Fox is coming out with a show called More to Love. It’s a version of The Bachelor with plus size participants.
Although I am glad that this is a reality show with large women that is not trying to make them lose weight to be more attractive, the ads show women who talk about how they just want to feel beautiful, loved, and wanted. So they decide to compete with 19 other women for the love of a stranger on national TV?
Ladies, ladies, ladies! First of all, the ladies they profiled were already beautiful. They don’t need a man’s approval to feel that way. Secondly, everyone wants to feel loved, but if you don’t feel lovable, you’ll never accept love from someone else.

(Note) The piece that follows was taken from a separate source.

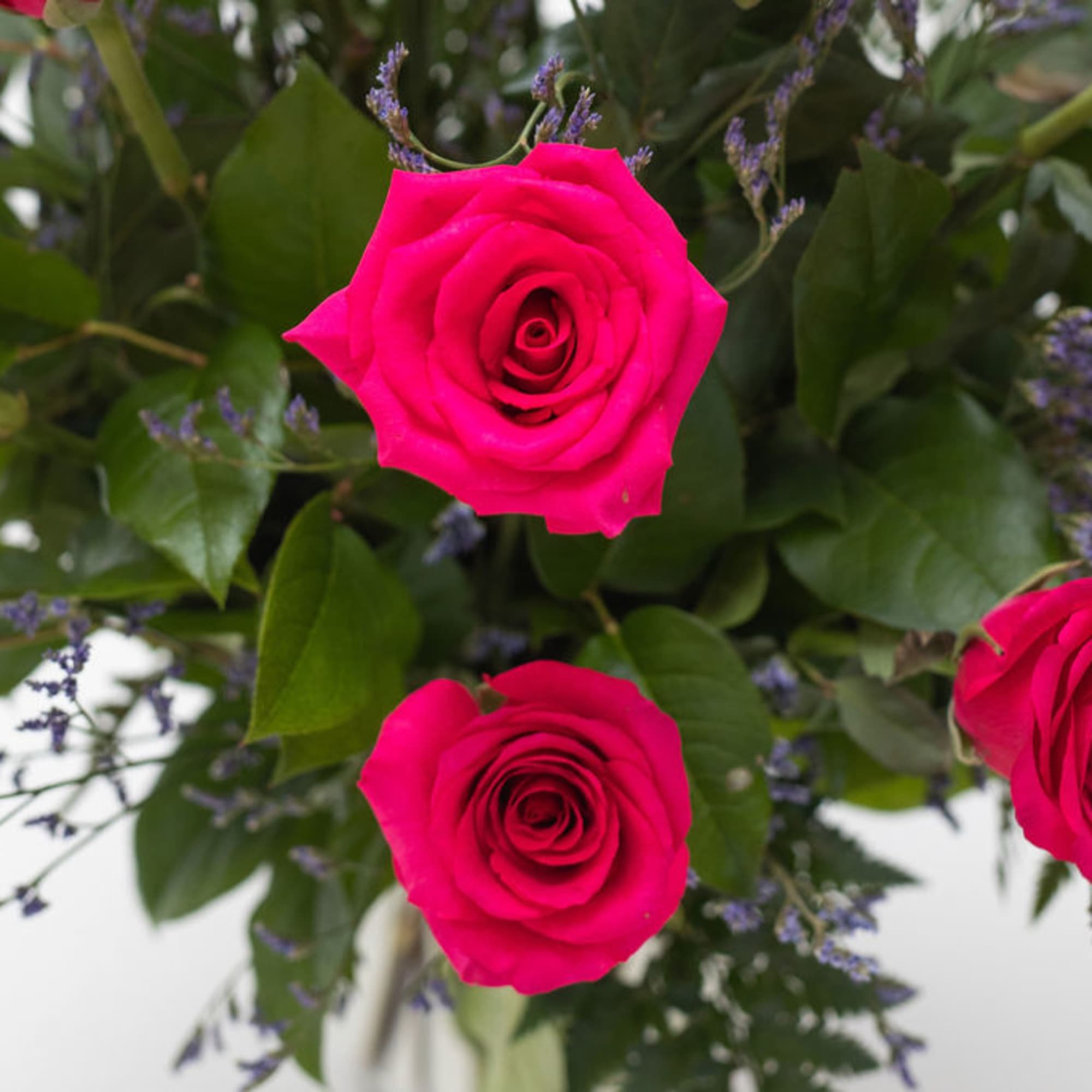 Hot pink roses with small purple filler flowers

Our society is messed up. In America, women strive for thin and busty with tanned, clear, wrinkle-free skin. The few women who are able to meet that standard go to great lengths to achieve it, including surgically altering their bodies.
Why do we let a few magazine publishers and TV producers determine what we should look like? Don’t we give God any credit for making us just the way we are?

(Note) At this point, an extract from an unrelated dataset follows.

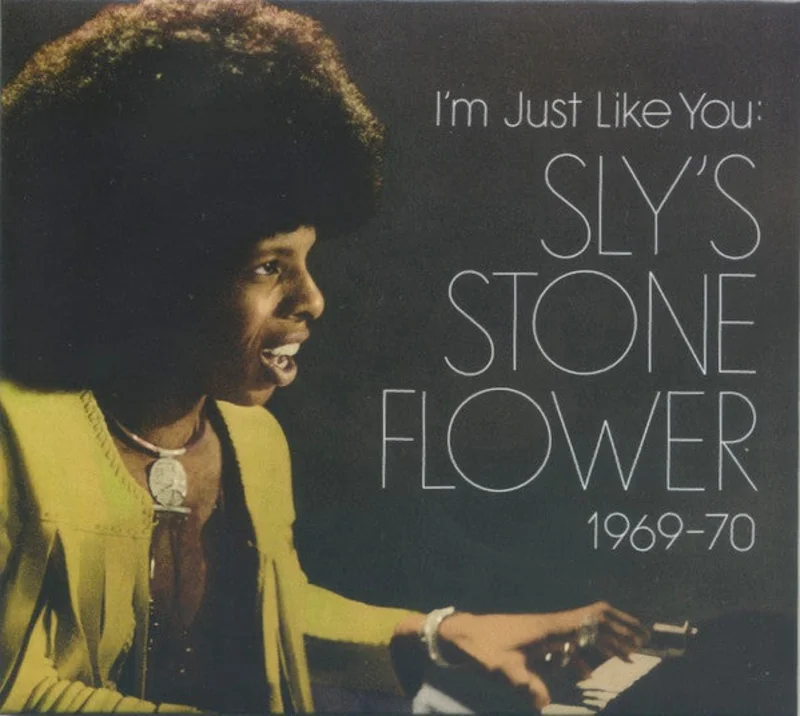 Sly Stone - I'm Just Like You: Sly's Stone Flower 1969-70 (CD)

Granted, obesity is a real health risk. But if a women is a size 16 and the doctor gives a clean bill of health, why shouldn’t she be proud of the way she looks?
Surprisingly, researchers have found that even when women lose a lot of weight, their self-image doesn’t necessarily change for the better. They still see their old self in the mirror, even if it doesn’t reflect reality. Sometimes they’re disappointed that the weight loss didn’t miraculously turn their bodies into model material. Some psychologists call this “phantom fat.”
If you can’t accept yourself when you’re overweight, you probably won’t accept yourself if you lose weight. It’s not about the weight. It’s about accepting who you are, right here, right now. It’s admirable to have goals to be healthier, or to further an education, or to have a loving relationship. You just can’t get to where you’re going if you don’t know where you are. Or who you are. No matter what, you are beautiful, and you are loved.